> _Provided material_:
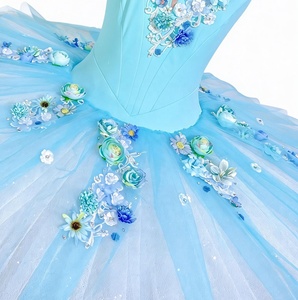 <span class=keywords><strong>Tutù</strong></span> Professionale da Balletto per Ragazze Fairy con Tulle Floreale in Nylon per Competizioni e Spettacoli di <span class=keywords><strong>Danza</strong></span> - Product Image 3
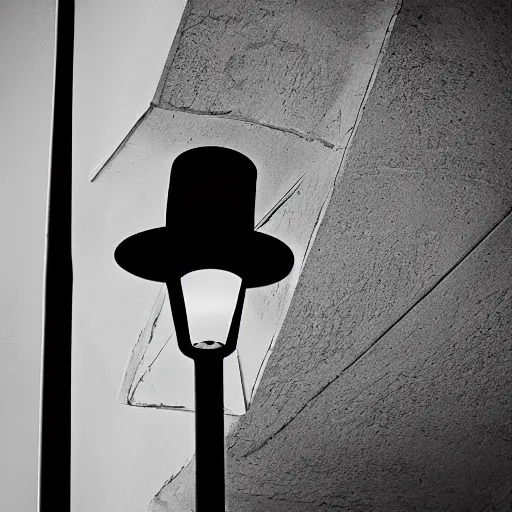 Image similar to the Babadook lurking underneath a street lamp in black and white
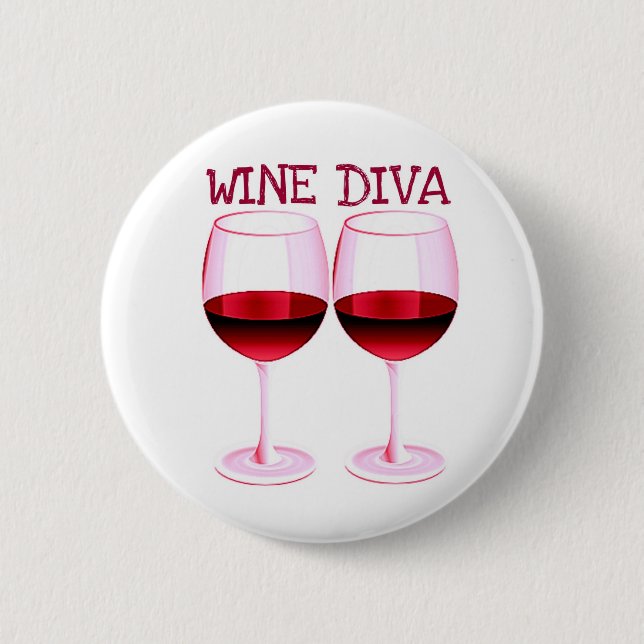 "WINE DIVA" FUN RED WINE PRINT 6 CM ROUND BADGE (Front)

> _What the task asks_:
Copy out the whole listing word for word, except for any picture it includes.

> _Answer space_:
 <span class=keywords><strong>Tutù</strong></span> Professionale da Balletto per Ragazze Fairy con Tulle Floreale in Nylon per Competizioni e Spettacoli di <span class=keywords><strong>Danza</strong></span> - Product Image 3
 Image similar to the Babadook lurking underneath a street lamp in black and white
 "WINE DIVA" FUN RED WINE PRINT 6 CM ROUND BADGE (Front)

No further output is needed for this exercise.